Support from member state capitals is necessary not only for procedural reasons (securing a European Council vote) but for political ones, too: the EU can only effectively deliver on trade deals when member states are on board. Without this support, the commission risks promising more than it can deliver.
The opposition faced by the EU regarding Mercosur demonstrates that the commission and member states need better coordination on trade negotiations. Although some European producers in the agricultural sector fear being undercut by cheap imports, these worries are often unjustified; the EU should not sacrifice its trade future to satisfy a few constituencies in the member states. Here, more buy in from capitals is necessary to ensure that trade talks are followed by implementation.
First, the commission should improve existing coordination and communication on trade negotiations to avoid member states openly criticising its moves. Second, national governments should not let the fear of voter backlash or the rise of the far-right hold European trade hostage.
Finally, to ensure the highest possible consensus among EU members, this ‘trade offensive’ strategy should primarily target countries that can effectively support European economic security objectives. This could mean diversification away from China towards countries such as Canada, India, Indonesia and Vietnam—targets which should also provide European industries with critical commodities or intermediate goods.
The shared fear of losing industrial bases in major EU economies and the necessity of opening new export destinations could secure broad support among EU capitals. At the same time, including compensation mechanisms to support those losing out from deals could overcome the resistances of more stubborn member states.

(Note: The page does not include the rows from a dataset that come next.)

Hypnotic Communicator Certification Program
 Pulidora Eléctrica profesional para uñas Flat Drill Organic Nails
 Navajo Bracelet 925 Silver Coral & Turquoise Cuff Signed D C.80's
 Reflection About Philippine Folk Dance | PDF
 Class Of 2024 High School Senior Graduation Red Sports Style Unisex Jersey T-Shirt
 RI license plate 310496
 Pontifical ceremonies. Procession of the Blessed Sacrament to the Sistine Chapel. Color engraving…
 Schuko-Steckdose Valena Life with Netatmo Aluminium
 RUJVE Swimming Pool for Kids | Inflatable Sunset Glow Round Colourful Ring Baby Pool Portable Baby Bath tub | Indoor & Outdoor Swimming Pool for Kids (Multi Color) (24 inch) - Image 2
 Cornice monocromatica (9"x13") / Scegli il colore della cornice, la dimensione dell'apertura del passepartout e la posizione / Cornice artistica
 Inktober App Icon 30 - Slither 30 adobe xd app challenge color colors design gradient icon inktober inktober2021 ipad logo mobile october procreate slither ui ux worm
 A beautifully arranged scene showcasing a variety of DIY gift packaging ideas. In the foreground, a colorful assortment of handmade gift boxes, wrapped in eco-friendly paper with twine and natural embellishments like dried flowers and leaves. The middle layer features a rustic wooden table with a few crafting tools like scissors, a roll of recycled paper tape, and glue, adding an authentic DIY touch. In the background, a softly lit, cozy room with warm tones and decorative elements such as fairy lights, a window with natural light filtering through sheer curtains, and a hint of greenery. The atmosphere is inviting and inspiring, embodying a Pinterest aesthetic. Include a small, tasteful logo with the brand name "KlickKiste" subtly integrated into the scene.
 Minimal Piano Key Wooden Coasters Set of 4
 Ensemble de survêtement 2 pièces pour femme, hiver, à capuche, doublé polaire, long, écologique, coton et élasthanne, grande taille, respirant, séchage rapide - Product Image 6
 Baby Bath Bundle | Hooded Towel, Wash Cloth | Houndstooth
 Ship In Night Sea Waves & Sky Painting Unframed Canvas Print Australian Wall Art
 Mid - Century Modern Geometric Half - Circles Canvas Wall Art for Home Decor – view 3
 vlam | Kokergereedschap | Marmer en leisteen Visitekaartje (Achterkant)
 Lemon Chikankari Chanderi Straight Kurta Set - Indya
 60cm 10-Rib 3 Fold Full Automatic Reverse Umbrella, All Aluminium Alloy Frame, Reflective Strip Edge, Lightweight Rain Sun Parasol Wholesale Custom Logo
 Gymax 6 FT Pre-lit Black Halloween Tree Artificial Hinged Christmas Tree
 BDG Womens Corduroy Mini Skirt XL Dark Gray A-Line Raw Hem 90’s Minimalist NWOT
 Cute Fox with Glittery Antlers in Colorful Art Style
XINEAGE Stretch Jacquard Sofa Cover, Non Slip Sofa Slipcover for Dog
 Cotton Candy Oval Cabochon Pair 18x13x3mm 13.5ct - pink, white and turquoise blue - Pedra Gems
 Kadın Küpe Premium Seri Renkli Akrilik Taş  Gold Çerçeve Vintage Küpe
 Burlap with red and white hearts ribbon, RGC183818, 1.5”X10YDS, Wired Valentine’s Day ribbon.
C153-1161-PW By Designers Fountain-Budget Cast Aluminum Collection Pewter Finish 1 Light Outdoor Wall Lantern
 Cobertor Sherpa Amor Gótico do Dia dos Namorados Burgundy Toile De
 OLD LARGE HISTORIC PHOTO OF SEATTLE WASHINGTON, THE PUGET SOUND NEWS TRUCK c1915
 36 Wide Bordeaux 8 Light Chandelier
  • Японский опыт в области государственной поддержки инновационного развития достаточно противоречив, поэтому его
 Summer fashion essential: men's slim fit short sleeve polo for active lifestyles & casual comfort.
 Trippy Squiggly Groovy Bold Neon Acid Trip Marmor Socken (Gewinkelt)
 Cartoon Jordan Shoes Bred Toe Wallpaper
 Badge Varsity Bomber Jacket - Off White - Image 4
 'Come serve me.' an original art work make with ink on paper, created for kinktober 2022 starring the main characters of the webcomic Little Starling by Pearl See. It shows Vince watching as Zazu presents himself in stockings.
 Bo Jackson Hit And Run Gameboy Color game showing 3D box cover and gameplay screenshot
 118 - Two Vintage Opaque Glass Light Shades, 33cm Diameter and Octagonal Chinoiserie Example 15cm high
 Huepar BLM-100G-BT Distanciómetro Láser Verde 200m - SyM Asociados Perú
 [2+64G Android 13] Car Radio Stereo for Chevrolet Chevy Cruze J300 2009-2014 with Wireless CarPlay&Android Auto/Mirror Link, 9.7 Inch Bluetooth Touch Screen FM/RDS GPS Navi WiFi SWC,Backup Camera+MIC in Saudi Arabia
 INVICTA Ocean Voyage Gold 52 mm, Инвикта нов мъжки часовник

Global trade is turbulent and the EU cannot afford to renege on its pledges if it wants to win friends in the wider world.
However, once trade officials overcame the shock of Trump’s reelection, the EU grasped that expanding its partnership network is key to upholding free trade and securing access to foreign markets amid growing tariffs. This approach could prevent potential trade partners from adopting protectionist policies and partially compensate for others, like the United States, that might become less open to EU goods and services.
If the commission and EU member states maintain a high level of coordination and avoid counterproductive rifts over trade negotiations, Europe can rally countries globally to defend free multilateral trade and to strengthen its own economy. Failure to uphold this unity would be a devastating blow to the EU’s credibility as a trade partner.